<<<<

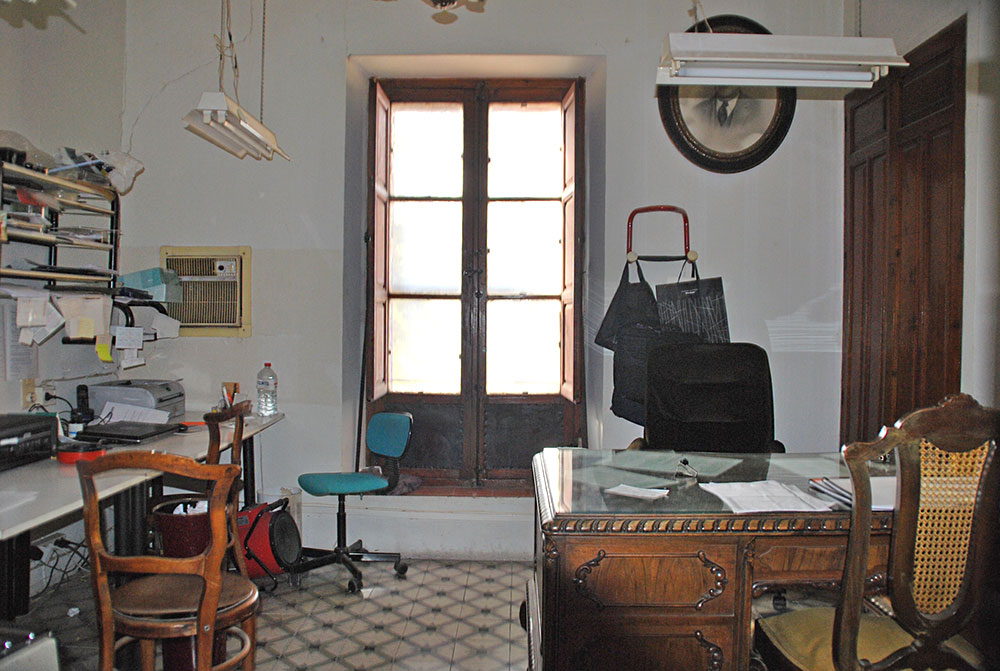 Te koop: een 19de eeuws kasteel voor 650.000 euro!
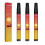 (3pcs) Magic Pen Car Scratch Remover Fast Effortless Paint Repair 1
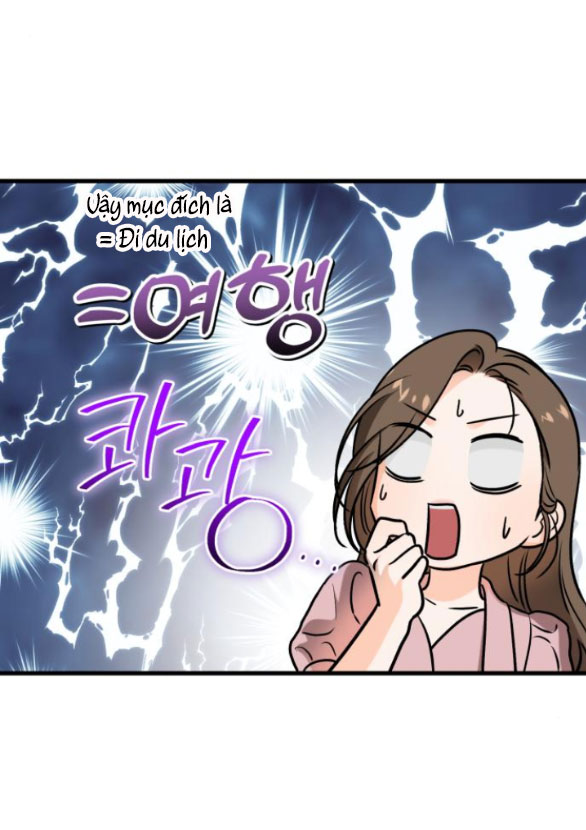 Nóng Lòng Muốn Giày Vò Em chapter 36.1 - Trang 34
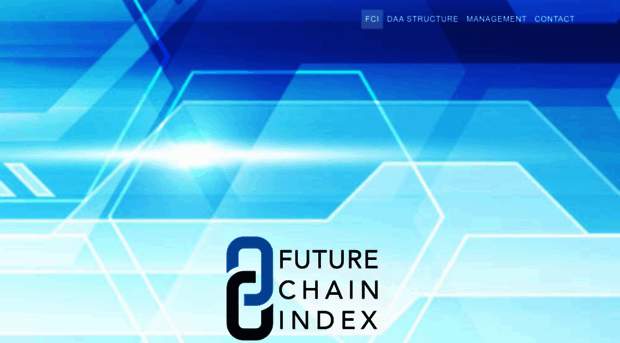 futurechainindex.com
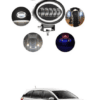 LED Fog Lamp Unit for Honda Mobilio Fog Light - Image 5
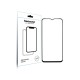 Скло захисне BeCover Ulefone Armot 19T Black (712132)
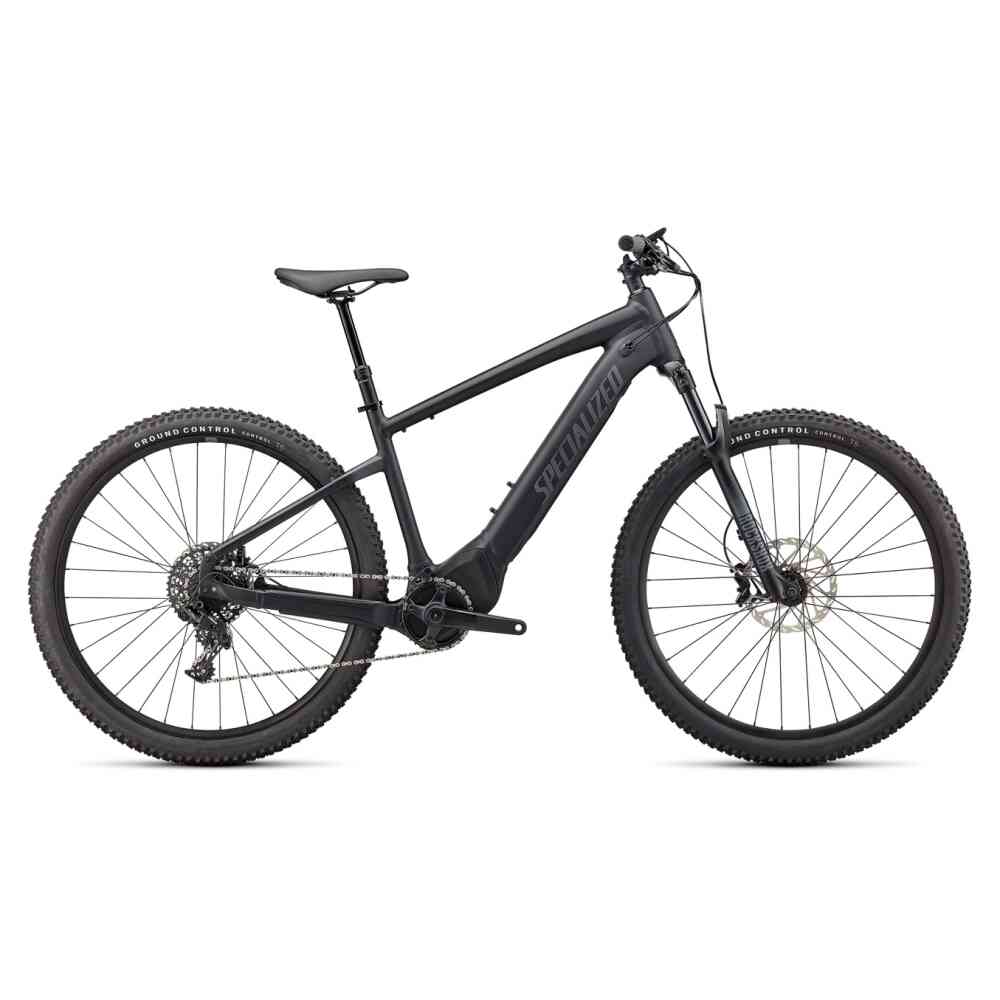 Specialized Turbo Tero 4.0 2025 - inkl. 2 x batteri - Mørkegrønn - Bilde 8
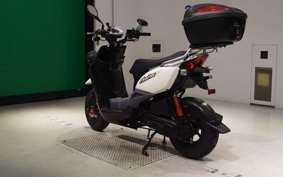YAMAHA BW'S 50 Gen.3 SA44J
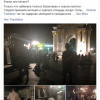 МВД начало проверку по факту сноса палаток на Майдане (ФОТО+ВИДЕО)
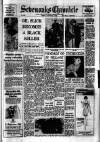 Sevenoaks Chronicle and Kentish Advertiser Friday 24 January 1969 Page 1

>>>>

→ Task prompt: With the pictures removed, please retype each record exactly.

→ Task result:
 Te koop: een 19de eeuws kasteel voor 650.000 euro!
 (3pcs) Magic Pen Car Scratch Remover Fast Effortless Paint Repair 1
 Nóng Lòng Muốn Giày Vò Em chapter 36.1 - Trang 34
 futurechainindex.com
 LED Fog Lamp Unit for Honda Mobilio Fog Light - Image 5
 Скло захисне BeCover Ulefone Armot 19T Black (712132)
 Specialized Turbo Tero 4.0 2025 - inkl. 2 x batteri - Mørkegrønn - Bilde 8
YAMAHA BW'S 50 Gen.3 SA44J
 МВД начало проверку по факту сноса палаток на Майдане (ФОТО+ВИДЕО)
 Sevenoaks Chronicle and Kentish Advertiser Friday 24 January 1969 Page 1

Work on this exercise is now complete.